I walked barefoot on the beach for hours, feeling the wet sand drain away my pain through the soles of my feet. Mornings I went down at sunrise to the sea, lay in the water and let the waves wash over me, bearing me up like a bird on the wind. I sat out on the beach at night with wine, as the ocean crashed on the shore and splattered my toes with brine. Did I mention I love being barefoot on the beach? Well, consider it mentioned.
Pity footsteps on the sands of time are washed away instantly by the tide.
Now, I know what you all want, as soon as you hear "Goa": the beaches. I'm sorry to say I visited only three this time and came close to a fourth - near Vasco Da Gama - but found it unfit to tread on, dirty and desolate. I don't even recall the name: Sada, maybe.
So here are the three, all in North Goa.
1. Baga Beach:
This is the northernmost of the three - north of Calangute - and a "happening" place, lined with beach-shack restaurants and crammed with tourists. I did not like it much. Still, here are photos for you, in which I tried to avoid photographing the tourists as much as possible, and a nice sunset:
2. Sinquerim Beach:
This is quite a small beach, not far from Fort Aguada, just south of Candolim. The beach has a few shacks and some hotels just above the sands, but the main feature is this old fortification. It's not particularly large, so I have little idea what practical function it might have ever served.
Sinquerim Beach is pretty, certainly. Very pretty in fact:
However, I spent only about twenty minutes on the beach, and in that time I was approached by no less than four representatives of the boat crews in the middle picture above insisting I try their water sports. That was one of the reasons I only spent twenty minutes on that beach.
3. Candolim Beach:
Ah, Candolim Beach, how do I love thee? Let me picture the ways.
That red flag over there in the distance marks a "no-swimming" zone.
Fort Aguada is somewhere on the other side of this headland marking the southern end of Candolim Beach.
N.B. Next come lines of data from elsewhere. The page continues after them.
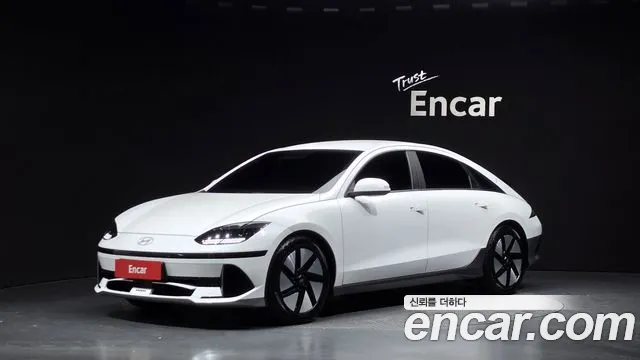 Фотография автомобиля — Hyundai Ioniq 6
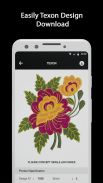 Texon - Embroidery Design App screenshot 4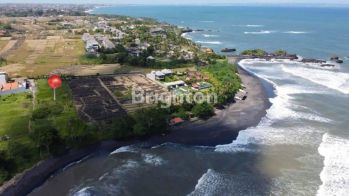 TANAH VIEW SAWAH & SUNSET DI PANTAI CEMAGI, MENGWI - BALI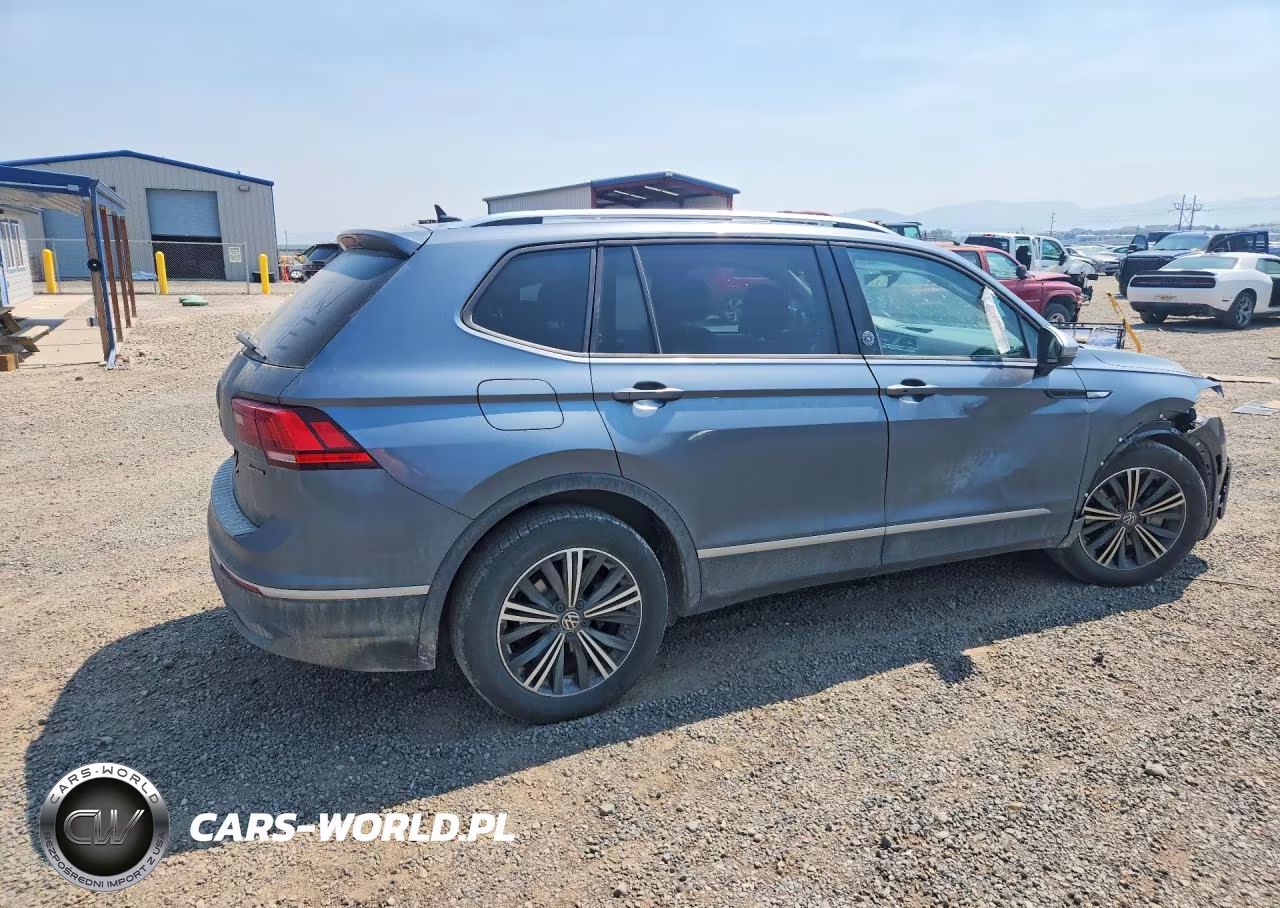 2024 Volkswagen Tiguan Wolfsburg VIN:3VVAB7AX2RM219217 - 3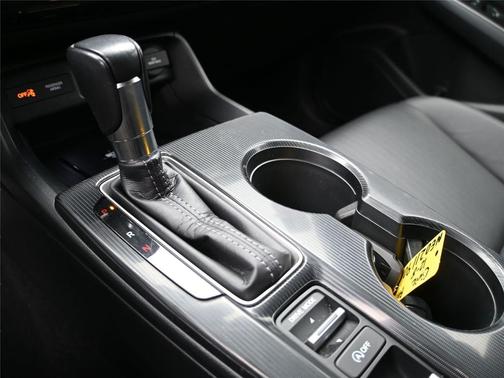 2022 Honda Civic Sport Touring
At night you can see the beam of the lighthouse coming over that hill:
There's that ship again! The non-Flying non-Dutchman.
Goan beaches are full of friendly dogs. This one took a real shine to me.
And the waters wash the shore...
Sunset on Candolim Beach:
So there was I in Goa.
And, little by little, I began to improve. My stress levels reduced, my mind became calmer, and I began to think a little of the future instead of exclusively of the past. I slept naked (and alone) and during those few days had none of the insecurity dreams which normally shred my nights. Not once did I dream I was facing an examination or that I was on a journey with no ending. Nothing tried to drag me into dark threatening shadows where things much worse than death waited, gibbering.
Though it happened again as soon as I came back...
Yes, I paid for it, and I don't mean just financially. I paid for it with a deep wrench at having to leave, and a decision to return as soon as possible. I also paid for it with a terrible sunburn which turned my face, neck and arms boiled sunset red. They hurt terribly for a couple of days and then suddenly began to improve.
I'll be going to Goa again, someday fairly soon, for a longer time. I'll put up more photos then, I hope.
Assuming anyone is interested, that is.